● TRY IT
Copy only what lies from the line containing "Buy this 2 bed" through the line containing "Athena House Sítanos" in the entries below, keeping both end lines exact and dropping every picture.

● GIVEN ENTRIES
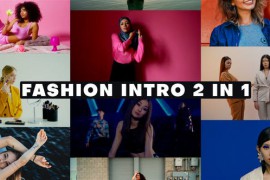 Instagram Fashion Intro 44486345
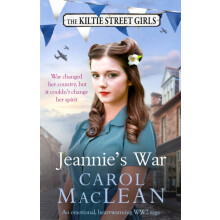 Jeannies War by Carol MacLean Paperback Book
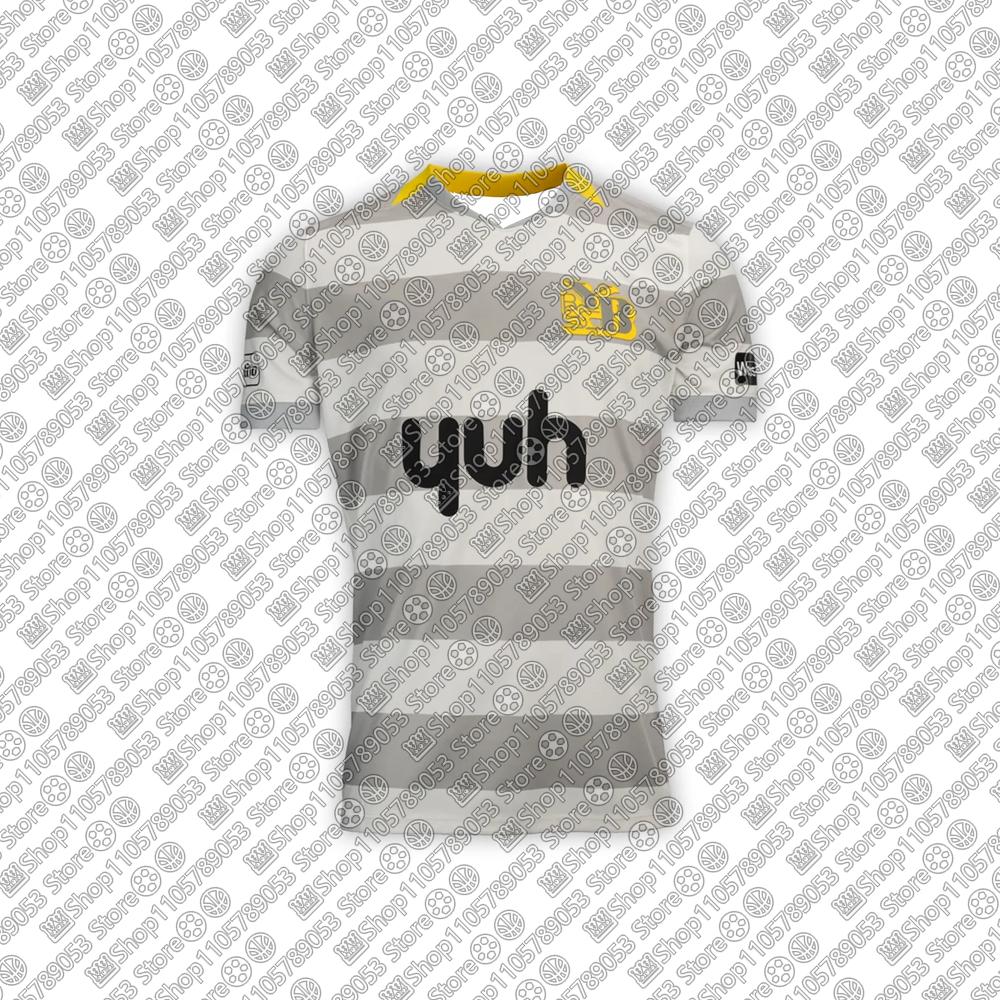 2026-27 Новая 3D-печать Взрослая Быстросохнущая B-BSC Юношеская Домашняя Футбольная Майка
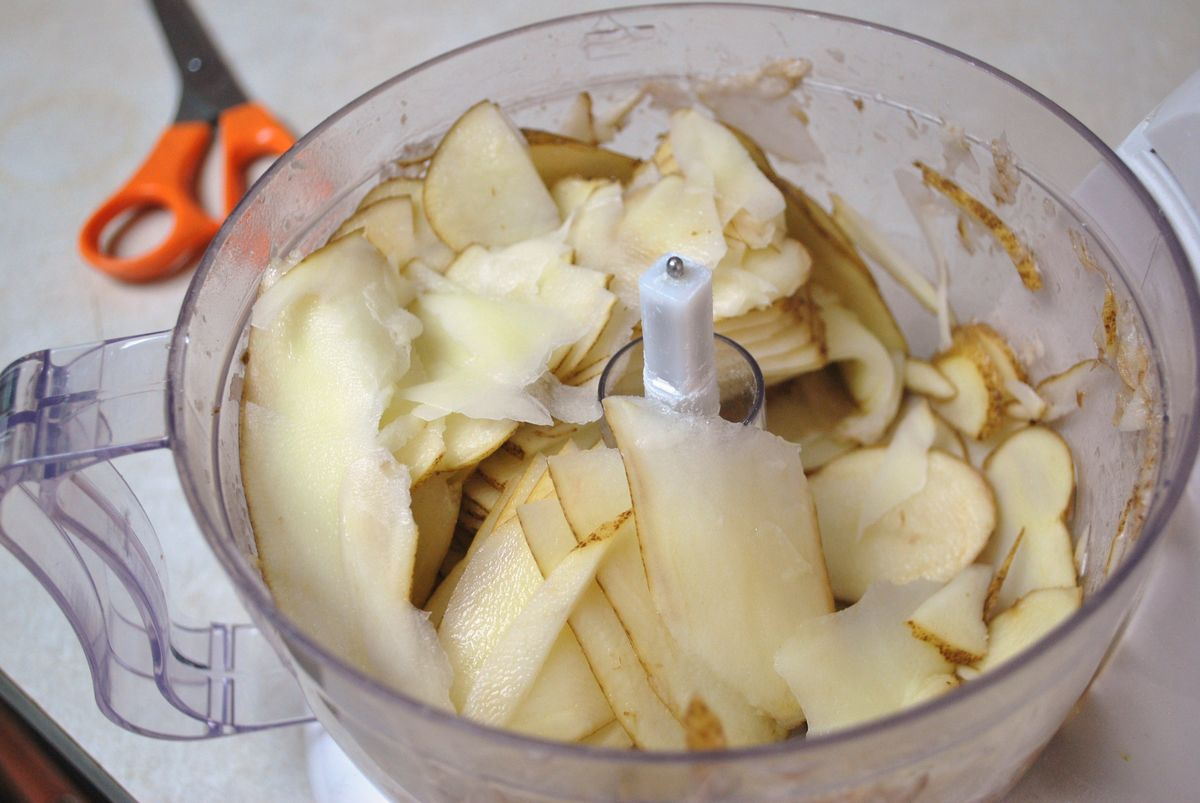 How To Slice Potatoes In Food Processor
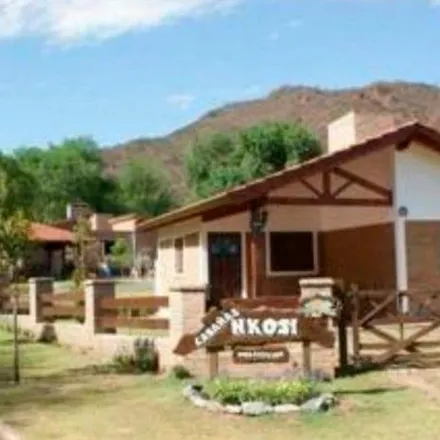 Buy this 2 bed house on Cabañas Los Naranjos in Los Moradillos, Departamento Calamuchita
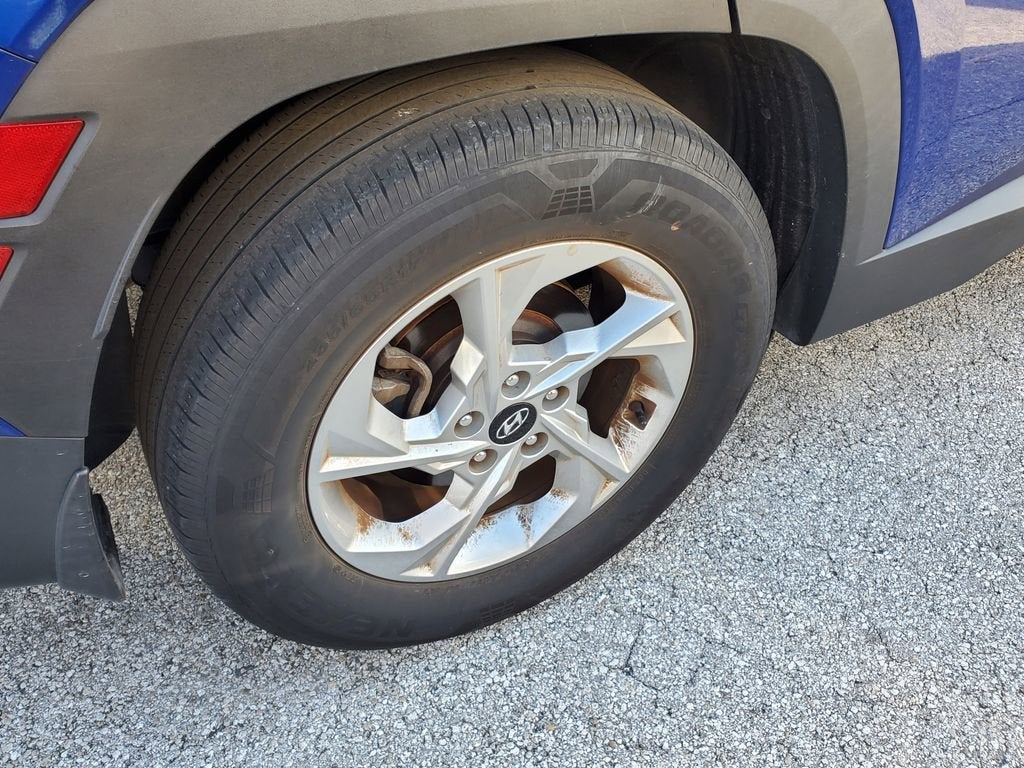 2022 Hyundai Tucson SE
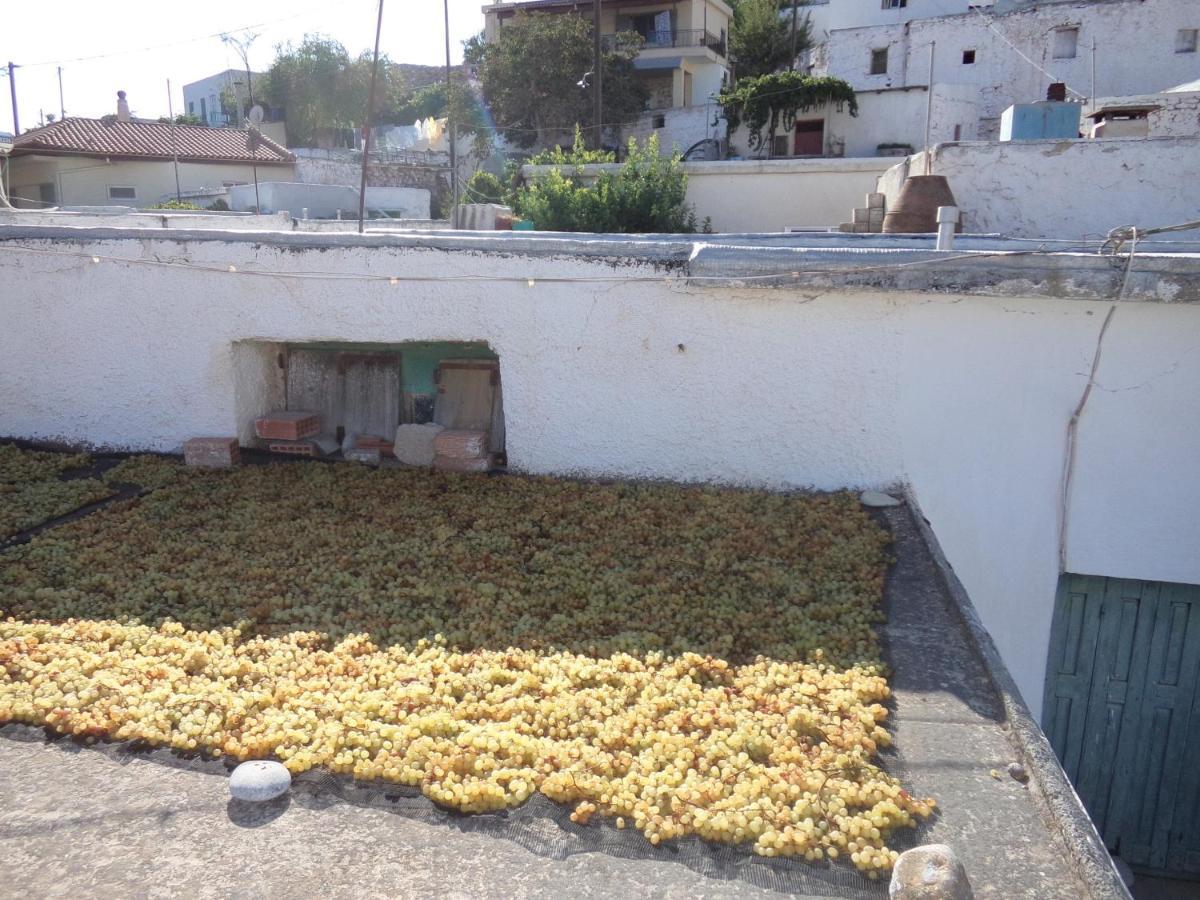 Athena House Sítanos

...

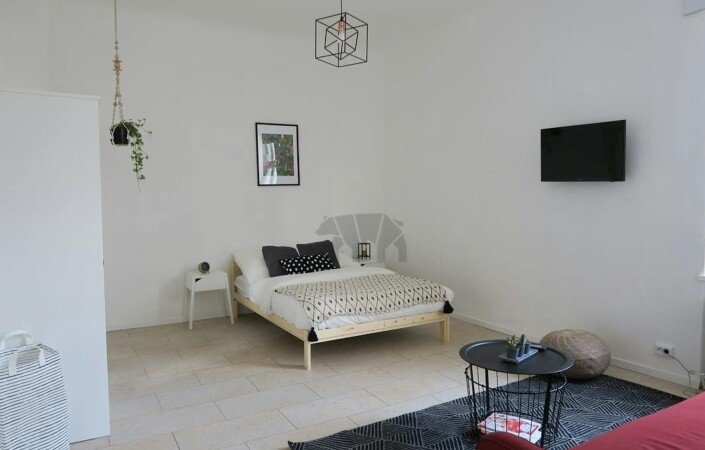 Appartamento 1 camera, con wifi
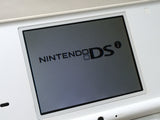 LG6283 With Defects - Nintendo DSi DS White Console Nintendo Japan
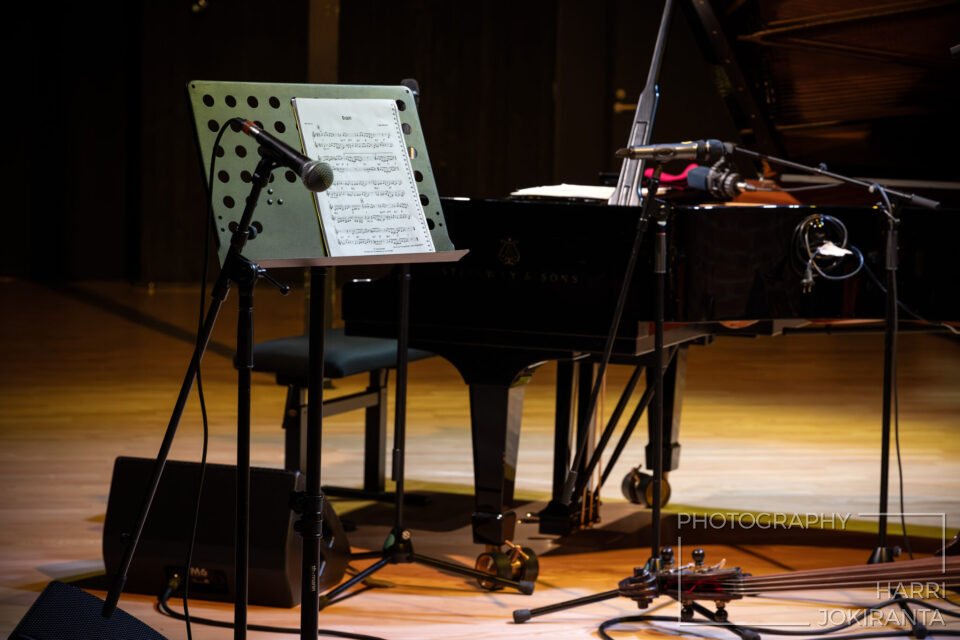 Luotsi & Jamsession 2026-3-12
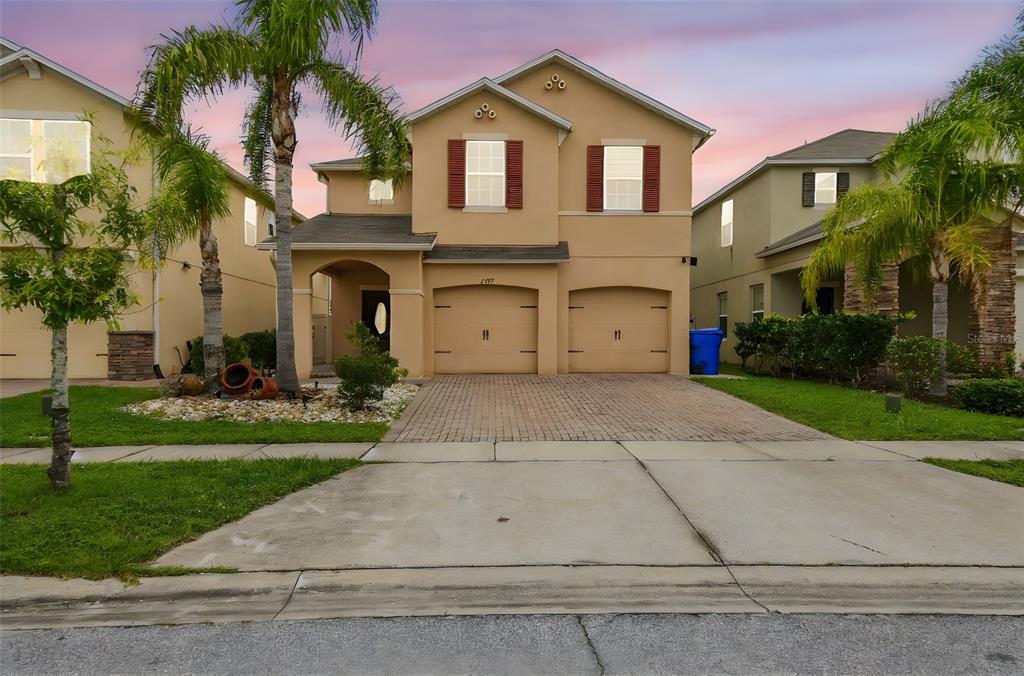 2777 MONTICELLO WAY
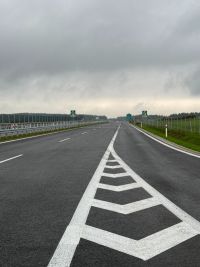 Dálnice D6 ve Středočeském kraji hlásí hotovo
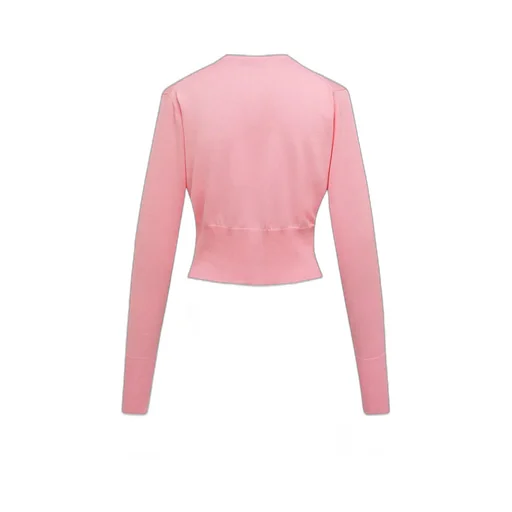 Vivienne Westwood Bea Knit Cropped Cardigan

...

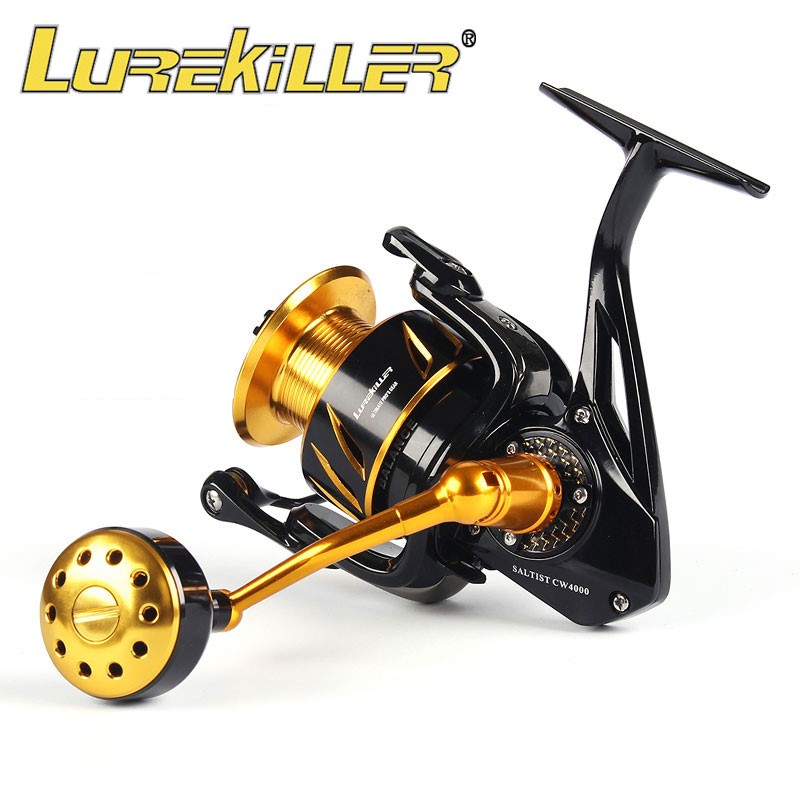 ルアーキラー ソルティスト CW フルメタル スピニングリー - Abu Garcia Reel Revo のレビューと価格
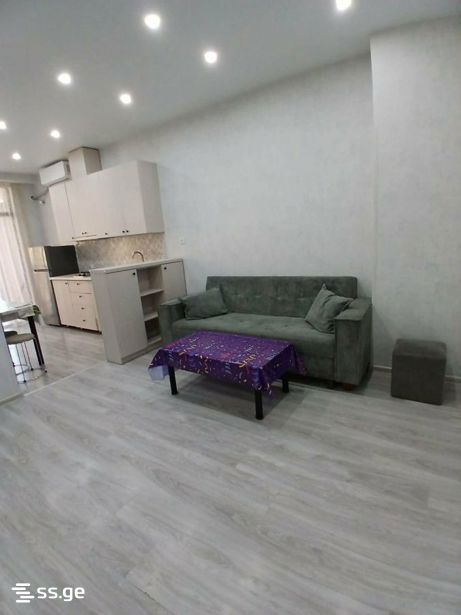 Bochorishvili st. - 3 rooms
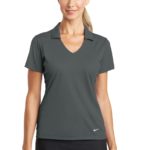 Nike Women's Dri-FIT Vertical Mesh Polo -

● OUTPUT OF THE TASK
 Buy this 2 bed house on Cabañas Los Naranjos in Los Moradillos, Departamento Calamuchita
 2022 Hyundai Tucson SE
 Athena House Sítanos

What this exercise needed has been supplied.